In manufacturing, timing is crucial.

“For a lot of our big customers, you have to book in a delivery time slot, and if you miss it, you’ll be lucky to get another one that same day. So it’s really crucial to have everything running on time,” said Paleothodoros.

Complicated network setup

Goodman Fielder already used MCR for multicloud and cloud-to-cloud connectivity, connecting their AWS and Azure workloads. And while MCR provides the speed, security, and reliability of their data while in the cloud, they were still having challenges with connecting their more than 70 on-premises sites reliably.

“With so many sites, we were having issues with routing [from branch to cloud] for the setup we needed,” said Paleothodoros.

“There was a lot of routing, a lot of subnets, and a limitation with routing all the way through. Managing our connectivity from the site was complicated and inefficient.” not future-proof, not cost-effective, and becoming increasingly difficult to manage.

Solution


Goodman Fielder decided to implement MVE in Sydney to address these challenges, and the impacts were better than expected.

Freedom from the data center
“MVE solved our reliance on the data center,” said Paleothodoros.

“With MVE, the fact that everything’s now going direct [to cloud] takes away all the infrastructure we needed to go through. There’s no more hops in my data center. We’ve actually been able to remove up to five hops in our network path with MVE.”

They now also have peace of mind with a redundant network with MVE underpinning their branch-to-cloud journey.

“Hopefully it never does, but if our MVE was to go down, we’ve now got a secondary path to go through the MVE,” said Paleothodoros.

“We’ve already done test outages, and everything worked brilliantly.”

Supercharged speed
With an expedited branch-to-cloud route, the Goodman Fielder team are getting tasks done more quickly and efficiently than ever before.

“Thanks to the removal of all those hops in our network path, the number one thing our end users have noticed is a better response time,” said Paleothodoros.

As part of reducing their on-prem infrastructure and working toward a cloud-native network architecture, Goodman Fielder recently took on the mammoth task of migrating many of their local file servers to AWS.

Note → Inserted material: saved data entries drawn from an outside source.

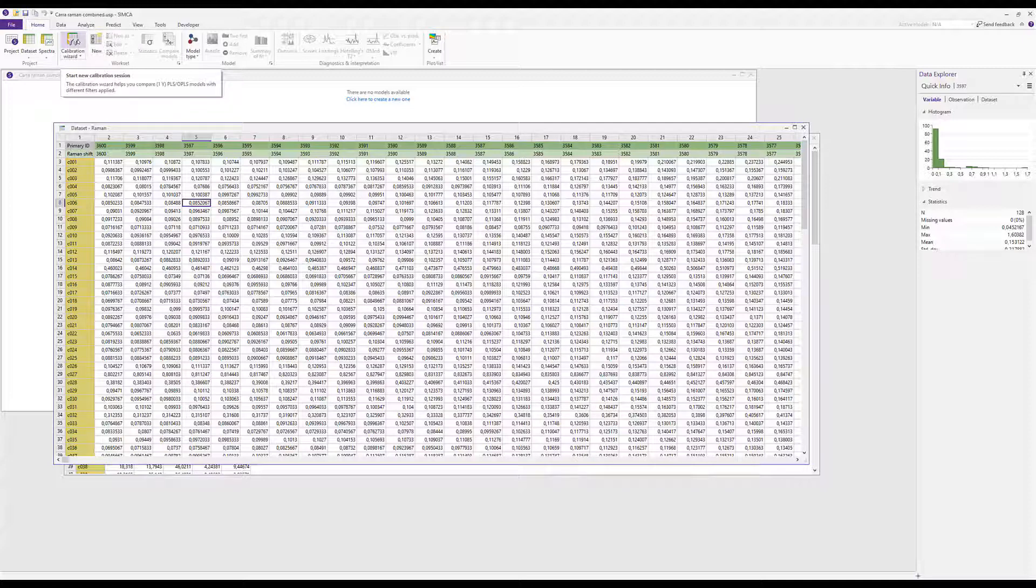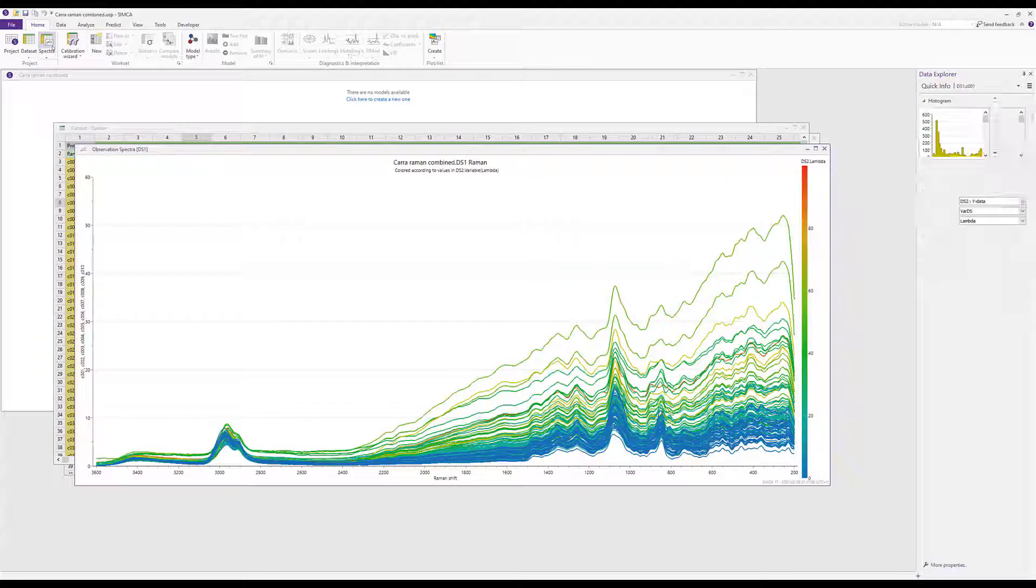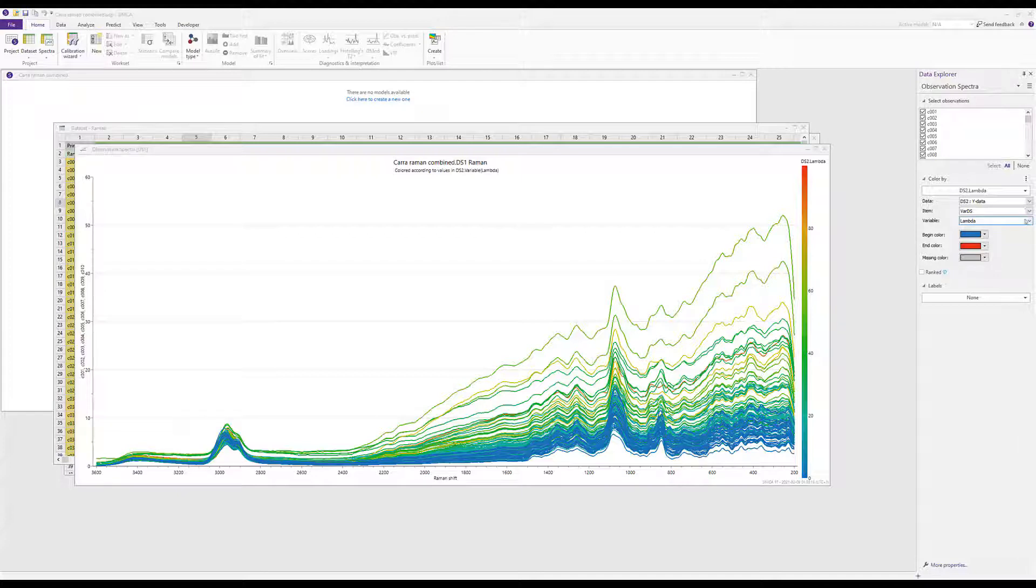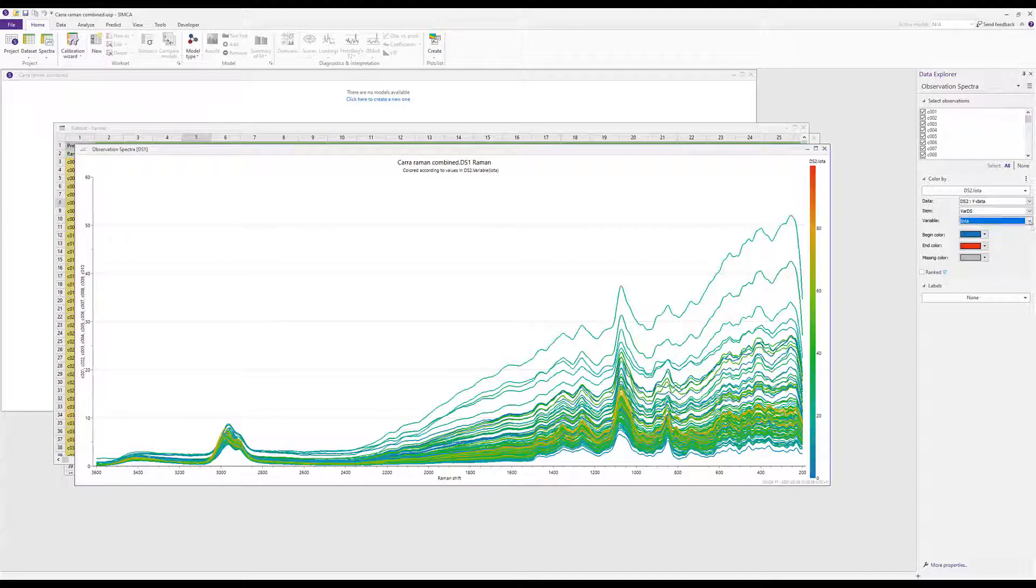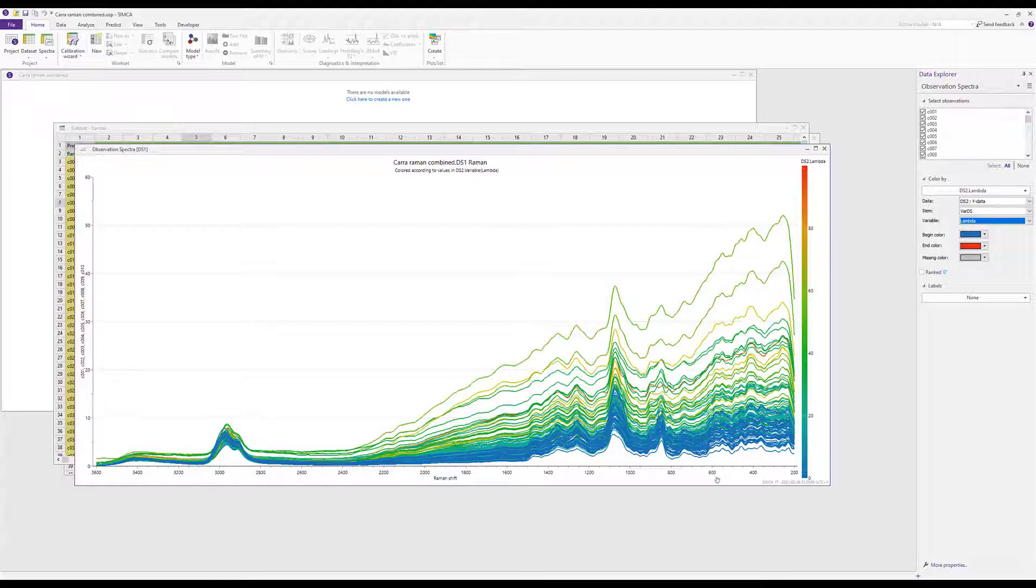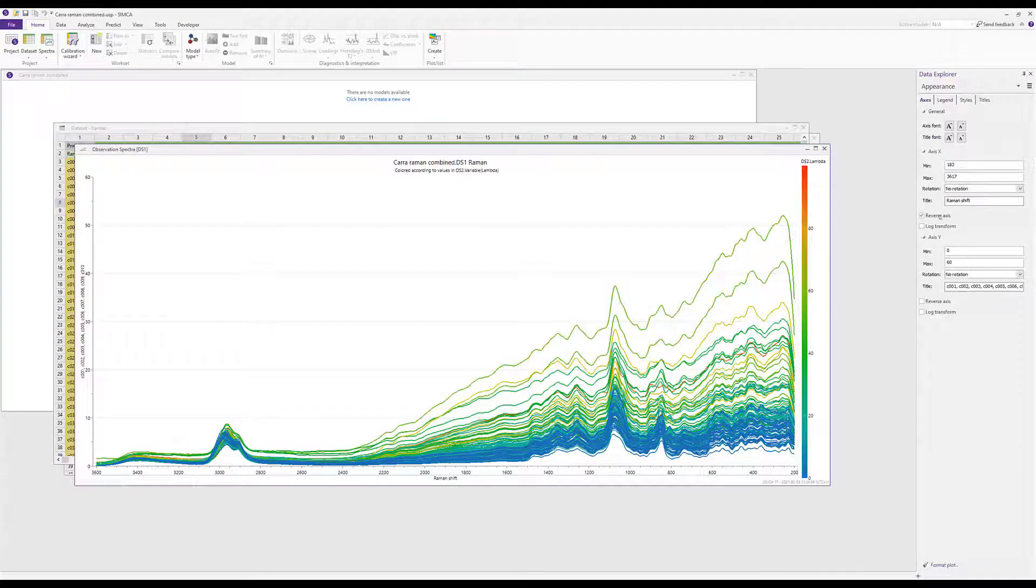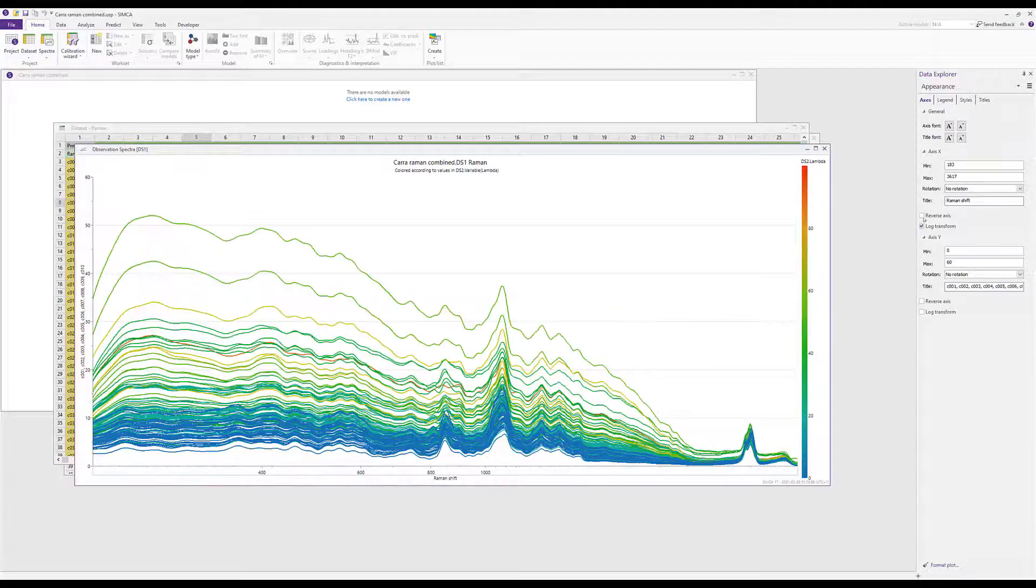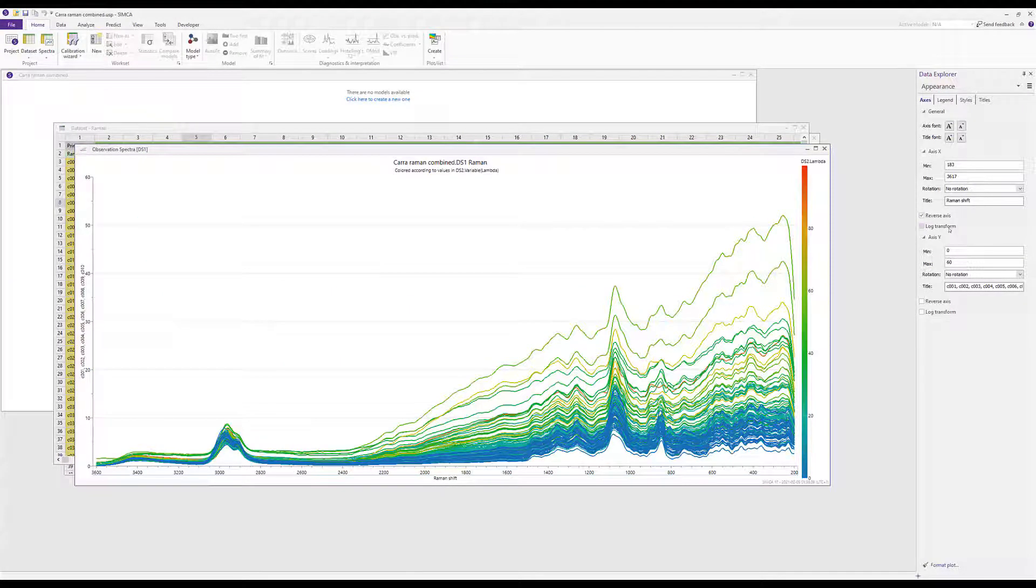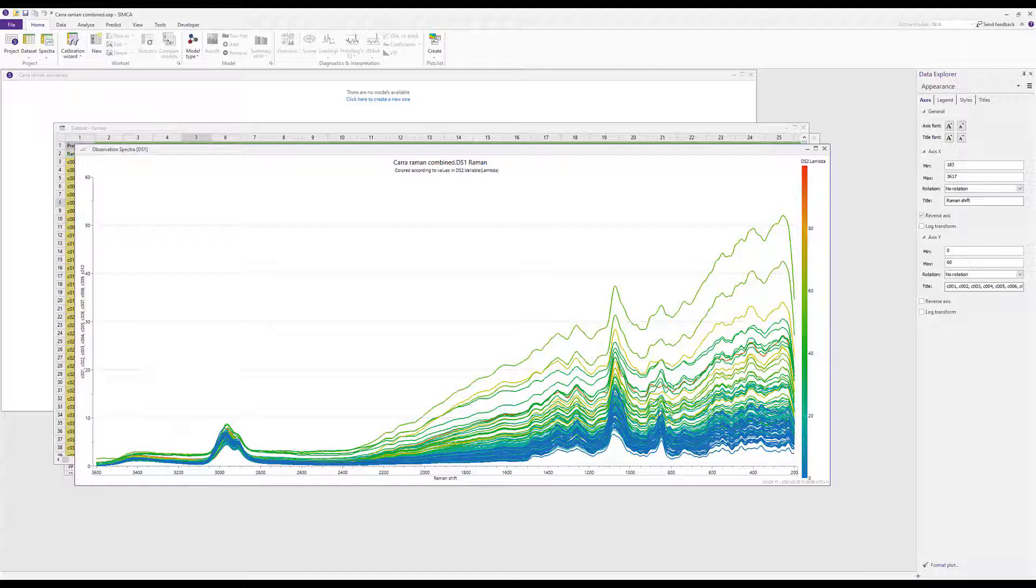In SIMCA 17 we have also modified the spectra plot. By default, the spectra are colored by the first y variable, but this can be controlled easily in the properties pane where you can switch between the different y variables. You can also modify the different axes of the plot. If you click on one of the axes, you can easily access the reverse and the log transform to change the visualization of your plot. More on that plot interactivity can be found in the feature video called Miscellaneous Improvements.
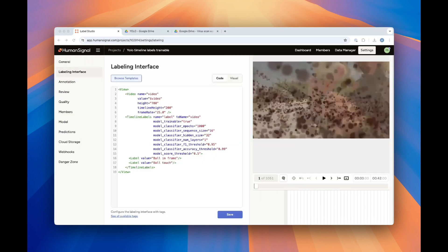For the trainable mode, the video tag stays exactly the same as in simple mode. The timeline labels tag, however, gains many more parameters. These parameters allow you to configure the parameters of the model you're going to train right in Label Studio. For more about what these parameters are, see the readme timeline labels markdown file in our GitHub repository and linked in the description.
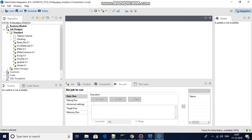Hello guys, welcome back to Talend tutorials. In this tutorial, we will try to connect to a MySQL database, query a table, and then populate the data. So far we have used a delimited file only, and now we are going to connect to a database.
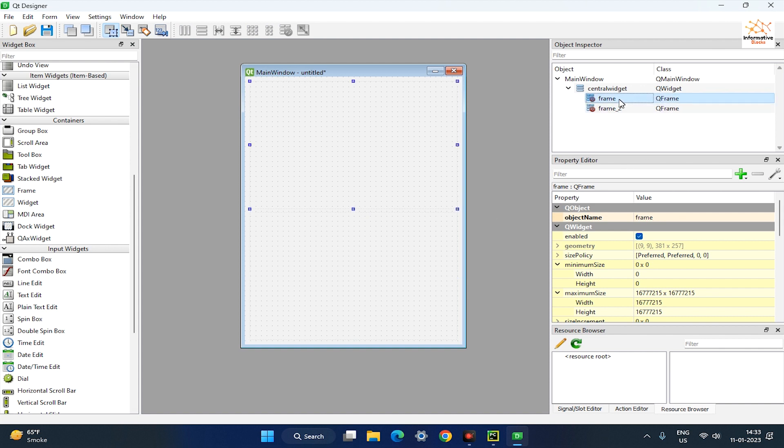Then go to object inspector and rename the first frame to the app logo and the second frame to the background, so that we easily identify the widgets in the back end of the app.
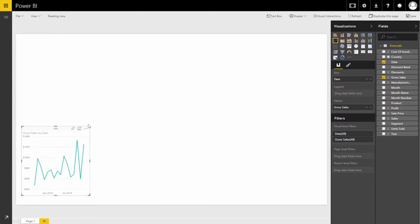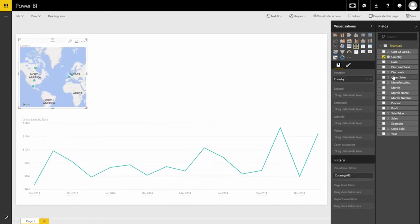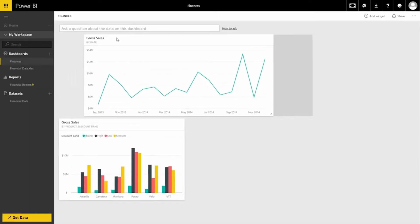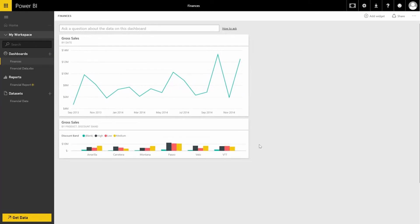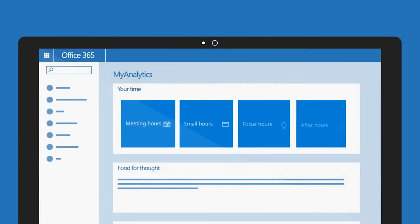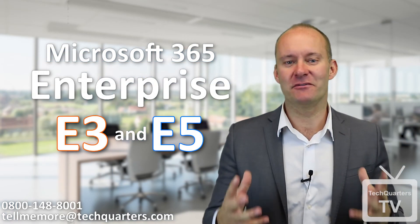The last two applications you get with Microsoft 365 Enterprise are Power BI Pro and My Analytics. Power BI Pro gives you enhanced reporting, enhanced slicing and dicing, all presented through a web browser. My Analytics gives you analytics on all of the data that you're using within your tenant.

“What was taking three days to migrate is now done overnight – we’ve gotten a tenfold speed increase.
Before MVE, we were getting 1MB per second copy speed. Now, we’re getting speeds of up to 10MB a second,” said Paleothodoros.

Simplified network management
Before MVE, Goodman Fielder’s network setup felt overwhelming to orchestrate and maintain. But now, they can provision and manage connections all in one place and optimize middle- and last-mile connectivity in metros worldwide.

“Our team can now just manage our setup with the VMware SASE Orchestrator. Once [Megaport] is up, it’s up. We only have to think about what’s sitting on top of the Megaport layer; that has been a huge advantage for us. The management of the service is just so easy,” said Paleothodoros.

Future plans

Goodman Fielder has had great success with the initial MVE project and are looking at future implementation.

“We currently have a Trans-Tasman link to our New Zealand data center, but we’re planning to plug this data center directly into MVE using Megaport. After this, we’ll definitely keep connecting more of our sites as well,” said Paleothodoros.

“This is definitely just the beginning of our experience with MVE.”